Introduction, Packaging & Bundle Final Words and Conclusion
POST A COMMENT

35 Comments

View All Comments

  • Dug - Wednesday, January 15, 2020 - link

    Stop with the extra thick keyboards that require a wrist rest to even come close to being ergonomically correct. The 80's are over with. Why keep reviewing these pieces of crap? Reply
  • The_Assimilator - Thursday, January 16, 2020 - link

    Because the manufacturers seem to think that everyone who wants a mech keyboard wants an IBM clone with RGB, and are willing to pay through the a** for it. Reply
  • Lord of the Bored - Thursday, January 16, 2020 - link

    "So Velocifire doesn't completely overcome the inherient disadvantage of a wireless mechanical keyboard – a fully electronic keyboard would find its battery life measured in months – but the VM02WS is delivering days of battery life in a field that often only delivers a dozen or so hours."

    Why would a microswitched keyboard inherently have worse battery life than a silicone dome one? (they are both "fully electronic")
    I mean, I'd expect marginally BETTER battery life because the metal contacts in a microswitch have lower resistance than the carbon dot in a rubber dome.
    Reply
  • E.Fyll - Thursday, January 16, 2020 - link

    This is a complicated topic, there are too many variables to discuss. One, for example, would be that the microprocessors used for mechanical keyboards consume much more energy. A more fundamental difference is that the controller is looking for many more inputs (per key) instead of an input from a group of keys. There are of course many more differences to discuss and all actually are subject to specific designs/models, but the general rule is that a mechanical keyboard requires about 4 to 10 times more energy than a classic membrane-based keyboard (without taking key lighting into account).

    And, assuming that all other parameters are ideally stable, lower resistance equals higher energy consumption (I = V / R, P = V^2 / R).
    Reply
  • Lord of the Bored - Friday, January 17, 2020 - link

    So it is because microswitches are used in higher-end keyboards, basically?
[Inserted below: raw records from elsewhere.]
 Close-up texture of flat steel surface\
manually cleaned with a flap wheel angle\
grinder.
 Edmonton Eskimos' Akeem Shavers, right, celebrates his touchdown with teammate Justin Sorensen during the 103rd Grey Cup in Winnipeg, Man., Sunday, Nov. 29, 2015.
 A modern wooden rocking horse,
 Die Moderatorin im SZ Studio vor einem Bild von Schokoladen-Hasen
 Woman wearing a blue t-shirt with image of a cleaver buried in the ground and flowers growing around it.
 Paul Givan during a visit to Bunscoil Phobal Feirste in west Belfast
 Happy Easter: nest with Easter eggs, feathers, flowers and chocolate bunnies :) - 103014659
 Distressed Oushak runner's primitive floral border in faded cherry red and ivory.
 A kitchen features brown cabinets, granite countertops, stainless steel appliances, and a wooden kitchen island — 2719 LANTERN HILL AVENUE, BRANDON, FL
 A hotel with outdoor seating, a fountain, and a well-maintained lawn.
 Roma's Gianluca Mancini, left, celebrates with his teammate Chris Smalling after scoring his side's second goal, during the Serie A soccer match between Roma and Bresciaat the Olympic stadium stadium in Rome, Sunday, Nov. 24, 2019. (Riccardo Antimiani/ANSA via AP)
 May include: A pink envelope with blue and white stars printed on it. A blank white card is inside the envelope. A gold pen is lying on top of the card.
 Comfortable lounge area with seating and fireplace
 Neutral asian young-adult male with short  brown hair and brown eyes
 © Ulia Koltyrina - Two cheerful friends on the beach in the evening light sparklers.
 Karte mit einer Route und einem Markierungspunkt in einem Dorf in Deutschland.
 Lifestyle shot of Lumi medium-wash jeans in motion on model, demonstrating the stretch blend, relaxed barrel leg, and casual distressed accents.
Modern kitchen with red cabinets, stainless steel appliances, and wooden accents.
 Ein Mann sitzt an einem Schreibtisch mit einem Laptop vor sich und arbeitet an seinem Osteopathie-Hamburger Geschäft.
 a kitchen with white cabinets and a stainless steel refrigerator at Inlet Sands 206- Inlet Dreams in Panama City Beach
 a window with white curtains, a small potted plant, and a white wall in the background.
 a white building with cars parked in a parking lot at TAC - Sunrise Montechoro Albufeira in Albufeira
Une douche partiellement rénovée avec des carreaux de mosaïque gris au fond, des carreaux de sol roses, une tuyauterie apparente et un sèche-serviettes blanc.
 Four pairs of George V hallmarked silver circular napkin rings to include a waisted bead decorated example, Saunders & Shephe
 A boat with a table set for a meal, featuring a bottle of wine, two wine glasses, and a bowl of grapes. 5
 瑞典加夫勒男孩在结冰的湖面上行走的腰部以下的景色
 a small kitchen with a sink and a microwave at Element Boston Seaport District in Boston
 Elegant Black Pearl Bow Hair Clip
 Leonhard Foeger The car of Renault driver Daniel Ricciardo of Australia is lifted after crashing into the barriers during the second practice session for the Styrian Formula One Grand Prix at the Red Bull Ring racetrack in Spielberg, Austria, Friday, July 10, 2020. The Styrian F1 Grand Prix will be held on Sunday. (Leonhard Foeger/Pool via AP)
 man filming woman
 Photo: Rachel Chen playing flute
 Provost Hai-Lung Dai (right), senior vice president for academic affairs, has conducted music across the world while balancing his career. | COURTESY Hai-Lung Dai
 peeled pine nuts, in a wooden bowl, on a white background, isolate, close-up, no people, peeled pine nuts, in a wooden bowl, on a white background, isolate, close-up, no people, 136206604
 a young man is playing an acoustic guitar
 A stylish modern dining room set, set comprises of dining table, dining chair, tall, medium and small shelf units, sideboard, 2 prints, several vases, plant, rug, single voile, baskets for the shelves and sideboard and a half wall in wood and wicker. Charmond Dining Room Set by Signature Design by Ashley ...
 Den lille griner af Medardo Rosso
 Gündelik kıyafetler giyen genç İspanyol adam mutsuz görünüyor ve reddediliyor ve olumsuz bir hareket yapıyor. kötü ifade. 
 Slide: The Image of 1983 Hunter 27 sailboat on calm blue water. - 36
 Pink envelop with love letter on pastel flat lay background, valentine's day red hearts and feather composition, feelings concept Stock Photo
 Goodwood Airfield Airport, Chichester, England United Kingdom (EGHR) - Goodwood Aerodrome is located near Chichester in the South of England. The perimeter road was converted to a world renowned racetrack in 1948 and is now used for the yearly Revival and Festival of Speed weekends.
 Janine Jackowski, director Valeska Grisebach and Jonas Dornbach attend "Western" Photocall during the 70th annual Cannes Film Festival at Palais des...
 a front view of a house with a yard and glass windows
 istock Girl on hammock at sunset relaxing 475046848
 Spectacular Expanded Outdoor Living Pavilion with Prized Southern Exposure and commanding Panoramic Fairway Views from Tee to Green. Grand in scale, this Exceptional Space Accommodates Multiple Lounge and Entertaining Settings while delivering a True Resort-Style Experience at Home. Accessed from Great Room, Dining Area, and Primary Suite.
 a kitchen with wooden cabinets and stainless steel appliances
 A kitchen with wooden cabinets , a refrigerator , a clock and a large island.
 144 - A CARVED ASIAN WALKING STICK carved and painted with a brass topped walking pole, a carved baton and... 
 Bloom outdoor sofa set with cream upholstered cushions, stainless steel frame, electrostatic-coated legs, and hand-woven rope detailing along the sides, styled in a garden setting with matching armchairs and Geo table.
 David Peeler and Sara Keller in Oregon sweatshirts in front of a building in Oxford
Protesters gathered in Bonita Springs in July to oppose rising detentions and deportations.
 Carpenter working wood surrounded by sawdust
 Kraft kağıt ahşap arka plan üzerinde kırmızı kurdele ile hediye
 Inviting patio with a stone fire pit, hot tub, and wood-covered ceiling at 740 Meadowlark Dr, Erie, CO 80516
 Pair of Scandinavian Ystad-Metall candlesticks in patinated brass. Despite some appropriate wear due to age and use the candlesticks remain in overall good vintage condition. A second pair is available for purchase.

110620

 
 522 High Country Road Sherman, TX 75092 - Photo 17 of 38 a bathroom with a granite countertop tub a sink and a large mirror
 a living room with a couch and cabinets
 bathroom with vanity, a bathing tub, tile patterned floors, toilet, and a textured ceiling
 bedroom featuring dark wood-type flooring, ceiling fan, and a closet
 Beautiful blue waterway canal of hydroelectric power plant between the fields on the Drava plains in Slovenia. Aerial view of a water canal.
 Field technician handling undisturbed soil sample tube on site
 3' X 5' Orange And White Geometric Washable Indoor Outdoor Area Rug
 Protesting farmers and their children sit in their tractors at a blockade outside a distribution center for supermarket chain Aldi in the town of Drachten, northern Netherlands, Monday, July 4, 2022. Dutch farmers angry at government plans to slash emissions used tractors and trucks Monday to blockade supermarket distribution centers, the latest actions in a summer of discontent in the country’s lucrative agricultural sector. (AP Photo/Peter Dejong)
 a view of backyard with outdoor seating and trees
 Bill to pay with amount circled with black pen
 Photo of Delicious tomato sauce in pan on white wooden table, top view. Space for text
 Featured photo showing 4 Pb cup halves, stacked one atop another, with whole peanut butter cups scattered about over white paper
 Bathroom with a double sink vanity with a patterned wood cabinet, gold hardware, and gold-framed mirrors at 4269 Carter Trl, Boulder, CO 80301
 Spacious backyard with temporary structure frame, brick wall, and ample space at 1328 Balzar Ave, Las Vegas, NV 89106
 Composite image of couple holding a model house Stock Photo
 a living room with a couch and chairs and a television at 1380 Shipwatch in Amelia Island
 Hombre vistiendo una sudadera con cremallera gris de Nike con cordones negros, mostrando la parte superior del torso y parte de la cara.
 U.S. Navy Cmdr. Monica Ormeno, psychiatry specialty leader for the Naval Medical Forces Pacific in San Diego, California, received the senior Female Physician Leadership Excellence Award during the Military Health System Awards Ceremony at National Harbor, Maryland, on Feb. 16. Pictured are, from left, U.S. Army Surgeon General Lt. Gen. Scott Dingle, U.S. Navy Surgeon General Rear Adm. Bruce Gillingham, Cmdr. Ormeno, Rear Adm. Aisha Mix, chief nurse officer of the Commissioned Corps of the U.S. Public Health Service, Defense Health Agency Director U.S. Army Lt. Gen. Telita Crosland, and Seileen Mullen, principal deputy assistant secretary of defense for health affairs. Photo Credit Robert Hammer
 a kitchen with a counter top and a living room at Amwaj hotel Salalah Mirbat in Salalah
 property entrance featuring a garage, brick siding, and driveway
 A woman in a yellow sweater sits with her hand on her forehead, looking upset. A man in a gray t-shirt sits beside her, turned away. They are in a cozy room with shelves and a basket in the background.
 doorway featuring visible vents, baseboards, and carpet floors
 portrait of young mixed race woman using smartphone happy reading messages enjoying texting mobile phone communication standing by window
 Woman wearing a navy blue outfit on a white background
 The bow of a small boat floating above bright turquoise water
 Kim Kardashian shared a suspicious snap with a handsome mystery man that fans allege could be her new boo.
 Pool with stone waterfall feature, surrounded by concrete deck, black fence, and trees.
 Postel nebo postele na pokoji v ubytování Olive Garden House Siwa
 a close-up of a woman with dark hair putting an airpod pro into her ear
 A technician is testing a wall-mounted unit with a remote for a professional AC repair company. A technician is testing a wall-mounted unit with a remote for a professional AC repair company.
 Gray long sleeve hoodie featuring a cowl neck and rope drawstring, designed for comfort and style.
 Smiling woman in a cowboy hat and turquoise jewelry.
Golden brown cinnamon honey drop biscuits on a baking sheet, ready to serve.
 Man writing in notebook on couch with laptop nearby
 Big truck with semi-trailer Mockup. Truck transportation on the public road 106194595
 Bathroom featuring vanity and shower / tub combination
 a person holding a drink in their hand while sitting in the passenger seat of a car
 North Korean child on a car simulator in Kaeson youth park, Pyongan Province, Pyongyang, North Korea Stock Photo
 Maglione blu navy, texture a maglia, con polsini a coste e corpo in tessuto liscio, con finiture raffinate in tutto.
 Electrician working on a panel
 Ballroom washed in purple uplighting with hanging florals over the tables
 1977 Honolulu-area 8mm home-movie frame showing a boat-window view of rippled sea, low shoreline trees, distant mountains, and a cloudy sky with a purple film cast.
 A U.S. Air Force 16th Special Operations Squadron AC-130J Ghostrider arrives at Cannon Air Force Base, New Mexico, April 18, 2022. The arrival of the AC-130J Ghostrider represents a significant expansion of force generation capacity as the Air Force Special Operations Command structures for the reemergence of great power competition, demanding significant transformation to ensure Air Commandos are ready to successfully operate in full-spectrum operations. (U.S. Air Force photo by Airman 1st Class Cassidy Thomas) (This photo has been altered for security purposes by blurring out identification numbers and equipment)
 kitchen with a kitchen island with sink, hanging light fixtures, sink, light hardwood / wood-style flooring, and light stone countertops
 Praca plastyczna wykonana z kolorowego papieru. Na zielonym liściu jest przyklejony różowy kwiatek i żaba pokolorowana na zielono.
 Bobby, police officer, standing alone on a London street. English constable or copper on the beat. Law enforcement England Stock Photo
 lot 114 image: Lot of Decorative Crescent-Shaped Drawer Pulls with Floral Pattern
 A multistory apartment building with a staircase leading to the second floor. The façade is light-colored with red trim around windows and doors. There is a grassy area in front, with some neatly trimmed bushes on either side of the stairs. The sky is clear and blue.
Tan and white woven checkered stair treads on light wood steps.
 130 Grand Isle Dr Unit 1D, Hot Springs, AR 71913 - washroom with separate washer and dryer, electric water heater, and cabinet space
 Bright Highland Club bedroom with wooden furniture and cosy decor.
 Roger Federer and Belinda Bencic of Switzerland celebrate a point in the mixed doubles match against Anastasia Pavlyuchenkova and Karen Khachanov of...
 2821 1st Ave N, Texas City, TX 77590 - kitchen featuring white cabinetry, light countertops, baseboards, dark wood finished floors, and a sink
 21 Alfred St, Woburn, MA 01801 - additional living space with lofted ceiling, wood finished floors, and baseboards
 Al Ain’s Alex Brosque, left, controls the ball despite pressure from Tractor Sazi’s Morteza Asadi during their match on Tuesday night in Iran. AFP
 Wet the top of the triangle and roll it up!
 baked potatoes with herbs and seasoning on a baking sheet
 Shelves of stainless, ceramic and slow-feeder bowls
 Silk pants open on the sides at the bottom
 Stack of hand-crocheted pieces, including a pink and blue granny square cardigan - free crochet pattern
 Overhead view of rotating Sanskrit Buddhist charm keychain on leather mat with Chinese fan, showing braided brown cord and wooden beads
More inputs to avoid keyblocking issues and a more advanced processor to do keyboardier things = more power draw.

    I'd assumed that lower resistance would save energy because they don't need to drive as much current through the switches to generate usable logic signals on the other side. But I suppose that's far from a guaranteed design change.
    Reply
  • Gonemad - Thursday, January 16, 2020 - link

    Having a backlit wireless keyboard is kinda self-defeating for me. I would either have it wireless with batteries that last the larger portion of a year and work anywhere at couch distance, or have it backlit, like my OG logitech G105.

    I still have the G105 because I was planning a quiet pc on my sleeping room... it still fits that purpose if I ever need it.
    Reply
  • docbones - Friday, January 17, 2020 - link

    But will it work with a KVM switch? Reply
  • Snowleopard3000 - Saturday, January 18, 2020 - link

    What are the suggestions on a MX Red silent Backlit wireless keyboard that will work in an office environment. I am tired of the response times from the $5 el cheapo wait 1 minute for the key stroke to show up on the screen keyboard they gave me in an office where we keep the lights off. Reply
  • lmcd - Saturday, January 18, 2020 - link

    I wonder if a mechanical keyboard could be low enough power to fit within the power profile of the Logitech solar K750S Reply
  • snarfbot - Sunday, January 19, 2020 - link

    The thing about this mx brown clone board is that there are a hundred just like it with a different brand name over the nav cluster and they are all made in the same chinese factory.

    You should review a board with kailh's click bar switches, or a matias switch kb, or one of the new contactless boards, hall effect or optical. Even razer makes optical switch boards now and they seem pretty good.

    Unicomp is currently making an ssk as well, you can review one of their standard buckling spring offerings.

    Then theres the guys cloning the model f.

    Not to mention all the capacitive rubber domes which would be better suited to an office anyway.

    Theres lots of cool things happening in the mechanical keyboard world, mx brown clones aren't one of them.